The yen to travel – somewhere, anywhere – grips me with poignant strength. I read years ago that one reason traveling can be such a marvelous experience is that it bumps us out of our ordinary states of being.
It nudges people away from their certainty and their entrenched understanding of and belief in a certain reality. It is emotionally and spiritually satisfying on a level that can’t be easily obtained as we trudge through our boringly familiar, survival-oriented lives of work and school and family and obligations.
Travel helps create the empty vessel, open to new experiences and understandings.
In a less literal sense, I believe we are all taking a journey into the unknown. We are traveling in a kind of energetic vehicle with the doors shut as inexorably as a bank vault, and no handle to pull if we wanted to escape.
We seem to be entering a time where, even for people who are scrambling madly to keep up with events, it’s impossible to know what is going on in every corner of the world and what might be around the corner of our own neighborhood streets.
Rather than fret because it’s impossible to know what’s going on, I am finding it vastly more pleasant and simple to allow myself to be taken along for the ride.

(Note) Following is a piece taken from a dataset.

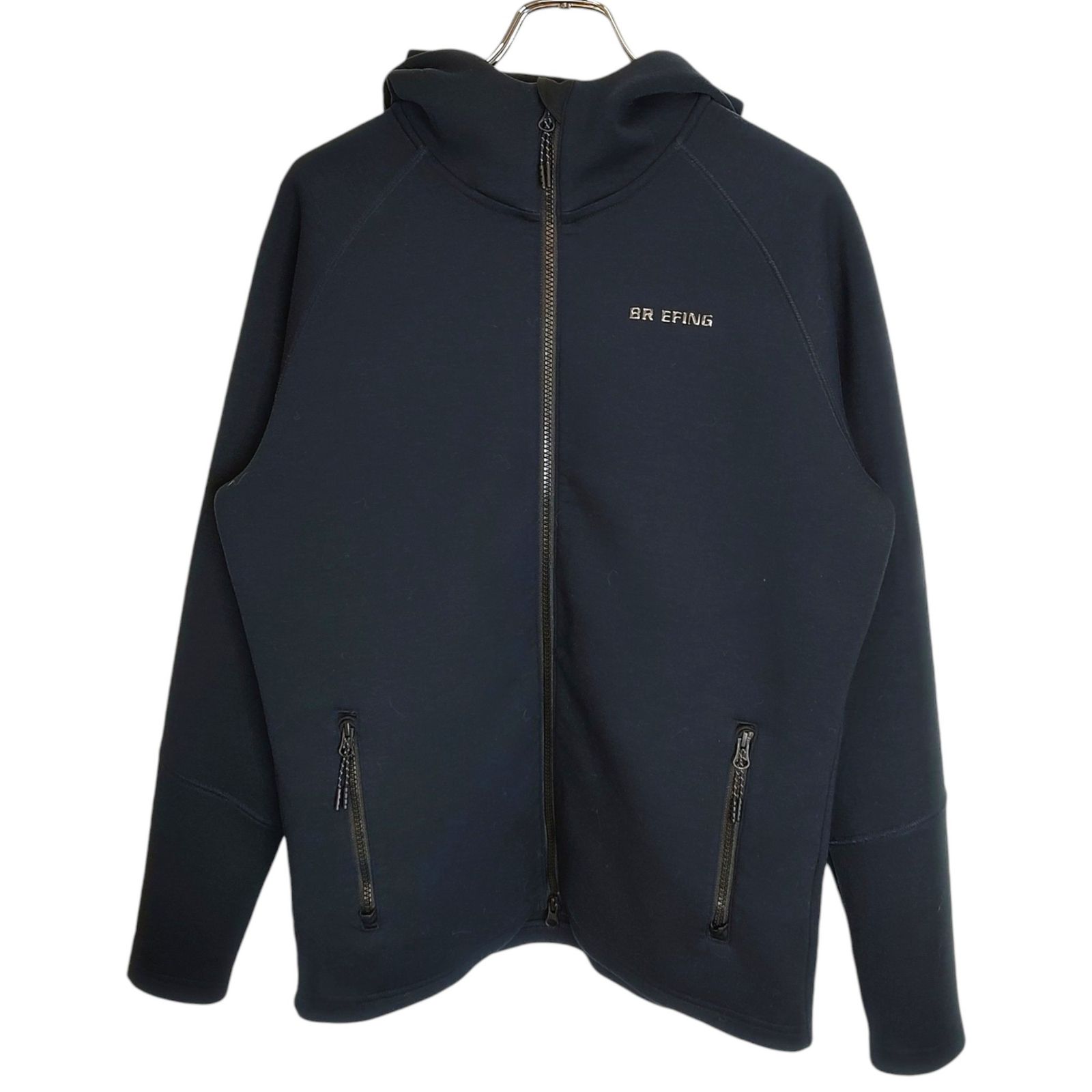 BRIEFING GOLF ブリーフィングゴルフ WARM 3D LOGO PARKA ウォーム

Or, as when I was driving the car myself, to trust that I am not lost even if I don’t consciously recognize this street or that church that apparently sprang up overnight.
I have a naïve faith that when I get a little closer to where I’m going, I will recognize the landmarks.
Though they may surprise me, I also feel certain that there will be delights and joys and astonishing events far beyond anything my everyday life has ever presented.
My empty vessel will be filled with such a perfectly inevitable reality that soon, where I am now will be the barely remembered dream.